• Goal of the exercise:
Please take the lines from the one holding "Boutique Apartment Лос" through the one holding "Porsche Cayenne 2025" in the data below and copy them exactly.

── Entries shown

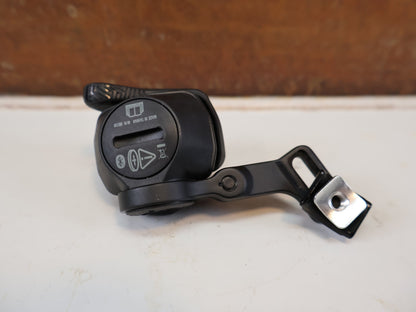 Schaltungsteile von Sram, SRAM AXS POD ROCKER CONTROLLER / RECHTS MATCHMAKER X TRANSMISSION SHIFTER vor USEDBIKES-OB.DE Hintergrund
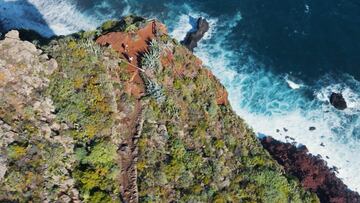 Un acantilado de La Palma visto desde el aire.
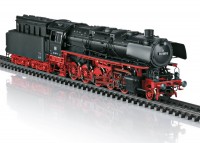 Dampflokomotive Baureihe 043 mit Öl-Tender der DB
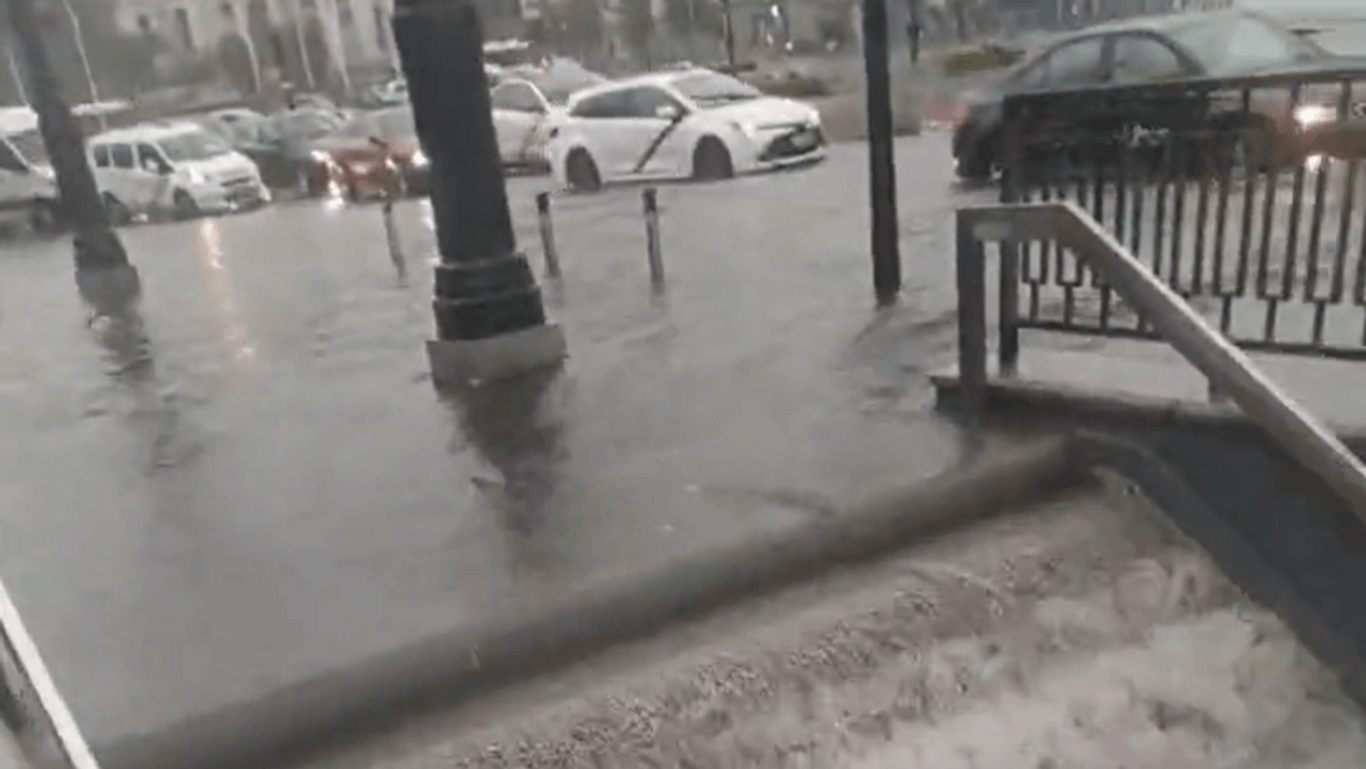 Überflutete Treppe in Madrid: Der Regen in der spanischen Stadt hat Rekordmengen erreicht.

────
── Entries shown

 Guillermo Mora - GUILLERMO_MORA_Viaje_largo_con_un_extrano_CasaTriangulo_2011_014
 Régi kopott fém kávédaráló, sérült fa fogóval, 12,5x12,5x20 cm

────
── Entries shown

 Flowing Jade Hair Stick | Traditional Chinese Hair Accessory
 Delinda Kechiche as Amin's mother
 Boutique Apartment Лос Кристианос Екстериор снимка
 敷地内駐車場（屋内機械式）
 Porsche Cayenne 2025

────

• Task solution:
 Boutique Apartment Лос Кристианос Екстериор снимка
 敷地内駐車場（屋内機械式）
 Porsche Cayenne 2025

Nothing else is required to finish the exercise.